Online ticket sales for the concert went live at 10 a.m. on Wednesday through the Robsham Theater site, which partners with VBO Tickets as its third-party vendor. Students experienced multiple ticket purchases and website crashes due to a glitch in the system.
“I was like in the queue on [Wednesday], and it just was not loading at all,” Eliza Trieste, MCAS ’25, said. “I got on maybe twenty minutes late, and it was just totally crashing, and I was unable to get a ticket.”
The debacle was not BC’s first ticketing issue related to a third-party vendor. Last February, multiple students experienced fraudulent credit card activity after purchasing tickets through the University’s third party-vendor, Audience View.
When Jordan Paul, MCAS ’26, tried to secure her ticket to the T-Pain concert, she accidentally received two, she said.
“The site was just being weird and wasn’t loading and kept crashing, and I thought that I didn’t get one,” Paul said. “But I accidentally got two because it wouldn’t let me remove them from my cart, and then I got two.

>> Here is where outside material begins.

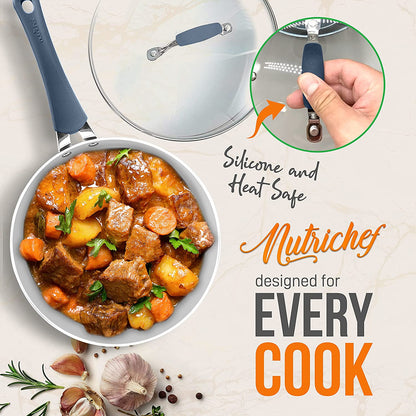 14-Piece Nonstick Cookware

I got the confirmations for them.”
After being notified that some students received multiple tickets, BC reached out to students to resolve the issue, according to Byrnes.

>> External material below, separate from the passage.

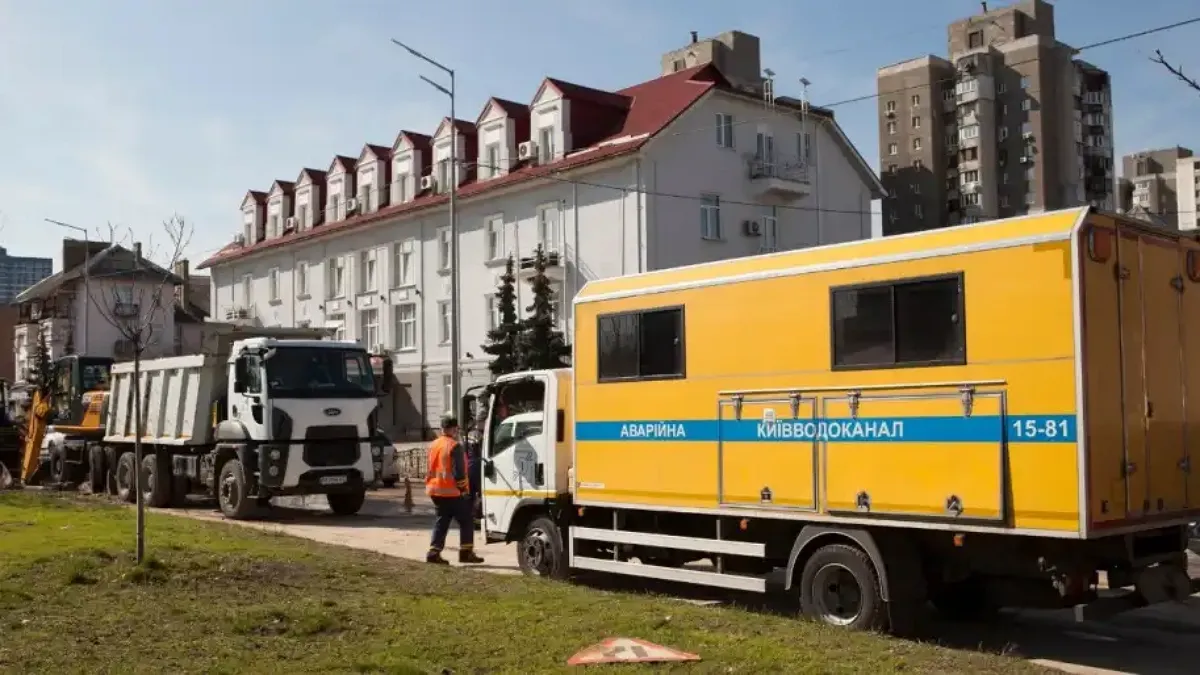 Київводоканал попередив: через знеструмлення частина столиці залишилася без води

“Upon Boston College being notified, we worked with the vendor to rectify the issue, notified impacted students, and ensured only one ticket per student would remain active,” Byrnes said in her statement.

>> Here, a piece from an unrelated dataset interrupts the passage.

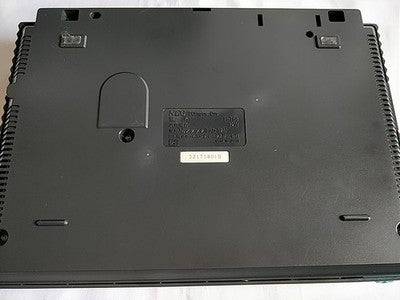 NEC PC Engine Duo Console with Pad PSU Boxed Set Defective Audio Japan Import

Paul said she knew many students who had issues acquiring tickets for the event.
“I know a lot of people that didn’t get one or had a bad time getting one, which is kind of weird because it’s literally in a parking lot,” Paul said.
Trieste also said the website has also crashed in the past, which makes the ticketing process frustrating for students.
“I feel like the site never works and just always takes so long, and is just really frustrating,” Trieste said.
Ticket sales went live again by 2 p.m., and the concert was officially sold out around 4:45 p.m., according to Byrnes.
Ian Lee, MCAS ’26, said he was able to get his ticket that afternoon.
“I know in the morning they released it, and I heard it was full—or it was sold out—and then my friend told me to check their website again to see if they released some more, and I checked, and I got some,” Lee said.
In the future, Paul suggested BC implement a new system to stagger entry to the ticket portal and improve the site’s functionality.
“I think make it just so if you’re a student, you can just get a ticket,” Paul said. “I’m not sure how to do that because I know it crashes online, but maybe something where it could go in waves based off of your grade or your last name.”